= Anjali Chandrashekar =

Indian-American artist (born c.1993)

Anjali Chandrashekar (born c. 1993) has been an artist since age 16. She works and raises funds for natural calamities, child abuse, and rehabilitation for underprivileged children through her artistic creations.

==Work==

In 2008, at an International Diabetes Charity, she raised around $5000 for providing insulin to poverty stricken diabetic children.

Chandrashekar won the third prize at the United Nations Poster for Peace Contest. She received the award at the U.N. Headquarters in New York on 3 May 2016. She said, "nuclear disarmament is usually spoken about on such a high level and I believe that art has the power to humanize some of the most pressing issues that the world faces today."

The artist was only 10 years old when she founded Picture It, a non-governmental organisation that uses imagery to raise awareness and funds for various health, humanitarian and environmental causes.

She primarily uses her work to benefit underprivileged children.
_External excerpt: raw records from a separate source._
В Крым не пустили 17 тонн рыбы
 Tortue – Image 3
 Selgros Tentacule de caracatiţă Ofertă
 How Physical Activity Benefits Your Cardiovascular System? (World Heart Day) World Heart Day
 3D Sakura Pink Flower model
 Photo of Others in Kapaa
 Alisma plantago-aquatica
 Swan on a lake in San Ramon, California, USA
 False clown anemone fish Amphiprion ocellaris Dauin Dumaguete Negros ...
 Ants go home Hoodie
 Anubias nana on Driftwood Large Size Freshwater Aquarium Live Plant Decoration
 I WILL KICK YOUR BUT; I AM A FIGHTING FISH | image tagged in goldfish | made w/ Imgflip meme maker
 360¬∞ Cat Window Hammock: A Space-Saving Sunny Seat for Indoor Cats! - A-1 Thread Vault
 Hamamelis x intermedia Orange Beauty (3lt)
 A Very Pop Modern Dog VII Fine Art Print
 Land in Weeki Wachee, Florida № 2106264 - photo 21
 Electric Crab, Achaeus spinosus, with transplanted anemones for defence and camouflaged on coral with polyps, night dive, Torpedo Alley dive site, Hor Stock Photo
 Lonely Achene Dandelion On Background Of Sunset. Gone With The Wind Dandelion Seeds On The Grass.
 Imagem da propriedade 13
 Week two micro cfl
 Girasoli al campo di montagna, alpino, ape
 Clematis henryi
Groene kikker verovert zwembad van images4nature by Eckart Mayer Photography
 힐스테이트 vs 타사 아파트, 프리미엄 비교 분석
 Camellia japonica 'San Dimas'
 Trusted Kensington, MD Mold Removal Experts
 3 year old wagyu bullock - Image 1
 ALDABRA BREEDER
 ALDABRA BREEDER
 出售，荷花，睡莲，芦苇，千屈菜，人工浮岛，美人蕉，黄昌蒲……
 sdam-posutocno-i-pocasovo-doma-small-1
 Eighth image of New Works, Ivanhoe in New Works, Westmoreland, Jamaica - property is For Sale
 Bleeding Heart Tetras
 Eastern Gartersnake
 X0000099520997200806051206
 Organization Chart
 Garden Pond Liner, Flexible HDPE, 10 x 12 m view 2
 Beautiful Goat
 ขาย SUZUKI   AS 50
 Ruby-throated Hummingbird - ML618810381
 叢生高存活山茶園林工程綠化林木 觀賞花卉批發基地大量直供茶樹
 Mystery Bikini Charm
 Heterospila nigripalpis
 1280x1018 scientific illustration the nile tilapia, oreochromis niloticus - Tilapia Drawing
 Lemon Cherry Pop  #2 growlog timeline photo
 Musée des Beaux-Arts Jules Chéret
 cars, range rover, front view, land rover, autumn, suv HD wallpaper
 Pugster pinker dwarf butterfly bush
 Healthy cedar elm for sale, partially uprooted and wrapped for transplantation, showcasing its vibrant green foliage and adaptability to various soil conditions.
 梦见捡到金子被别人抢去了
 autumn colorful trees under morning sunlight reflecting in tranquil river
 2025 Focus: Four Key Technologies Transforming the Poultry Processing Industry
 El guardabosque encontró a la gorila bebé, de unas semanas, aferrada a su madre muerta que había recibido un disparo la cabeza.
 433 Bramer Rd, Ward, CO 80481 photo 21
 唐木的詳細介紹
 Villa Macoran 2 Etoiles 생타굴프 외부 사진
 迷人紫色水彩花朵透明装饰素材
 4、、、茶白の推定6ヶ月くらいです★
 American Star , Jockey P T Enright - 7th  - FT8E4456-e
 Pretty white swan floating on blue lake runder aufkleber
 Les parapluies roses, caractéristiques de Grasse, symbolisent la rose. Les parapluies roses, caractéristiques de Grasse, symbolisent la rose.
She uses her art to raise funds for causes like diabetes, dialysis, rehabilitation, child abuse, and cerebral palsy.

Chandrashekar is a British Council Global Changemaker, and represented the Global Changemaker programme at the Economic Forum in 2011. She was the youngest representative, and one of five selected from a pool of over 1500 applicants.

In 2022, Chandrashekar was named to the Forbes 30 Under 30 as one of the first South Asian cartoonists to be published in The New Yorker.

==Personal life==
Chandrashekar is from Chennai, but she lives in New York City.